By relying on internal resources and trade with China, the Islamic Republic may become poorer, but it will be independent. Signs of national strength, in Mr. Khamenei’s telling, are the revolution’s expansion abroad, spiritual vitality and mastery of nuclear science. As Ali Motahari, a pragmatic hard-liner from a renowned clerical family, recently made clear, the development of a bomb would allow Iran to intimidate its enemies more effectively. It is the most assured path to regional predominance on the cheap—Iranian-subsidized Arab Shiite militias and the nuke make an excellent, relatively inexpensive combination for destabilizing the Middle East. Mr. Khamenei, who despite his supposed “fatwa” against the bomb approved nuclear weaponization in the 1990s, won’t trade away these accomplishments to Americans brandishing carrots.

The war in Ukraine has paradoxically reinforced the Islamic Republic’s paranoia. Iran’s diplomats ritualistically support Russia while calling for a cease-fire. Yet in the hard-line Iranian echo chamber, the war is another indication of the cost of trusting America. In this conspiracy theory, Washington deliberately made Ukraine believe that it could be part of the West, dangling before it membership in the North Atlantic Treaty Organization. That U.S. ruse was meant to provoke a Russian invasion. Ukraine is simply another American plot to weaken Russia and galvanize Europe against Mr. Putin.

“It was the U.S. that dragged Ukraine to this point,” the supreme leader opined, “naturally, interfering in . . . [its] domestic affairs . . ., organizing rallies against governments, launching velvet revolutions and color coups d’état.” Mr.
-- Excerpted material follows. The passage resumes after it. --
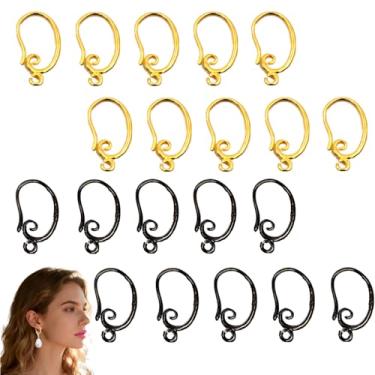 Imagem de 20 peças de ganchos de brinco banhados – 10 de ouro + 10 pretos, latão em forma de V com laço, para artesanato de joias com pingente DIY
Khamenei, who kept a keen eye on the crack-up of the Soviet empire, likely has made a connection between Kyiv’s decision to give up its nuclear weapons in 1994 and Russia’s invasions later.

Arms control for the supreme leader was never about rejoining the community of nations, which he describes as Western-dominated. Initially it was an experiment, giving Mr. Rouhani a chance to show that Iran could be richer and endowed with a massive, sanctions-free, weapons-capable nuclear program. Now it’s an occasion for Americans to plead with Iran’s envoys and offer supplications. The proximity talks are themselves an exercise in American humiliation, since U.S. diplomats aren’t allowed to meet their Iranian counterparts.

For Mr. Khamenei, the indispensable next step for Mr. Biden is clear: Recognize the Revolutionary Guards, who helped to wreck Syria, colonize Lebanon, and maul America in Iraq, as a legitimate national army. If the American president refuses to do so, arms control is dead. This isn’t a problem in Tehran. It may not be a problem in Washington. If the administration allows the status quo to continue—no deal, never-dead diplomacy, restrained sanctions enforcement, no threat of war, increasing hope that Mr. Khamenei’s “nuclear fatwa” is real—then Tehran’s frequent mocking of America as a former Middle Eastern power plays on fact, not fiction.

Mr. Gerecht, a former Iranian targets officer in the CIA, is a senior fellow at the Foundation for Defense of Democracies. Mr. Takeyh is a senior fellow at the Council on Foreign Relations.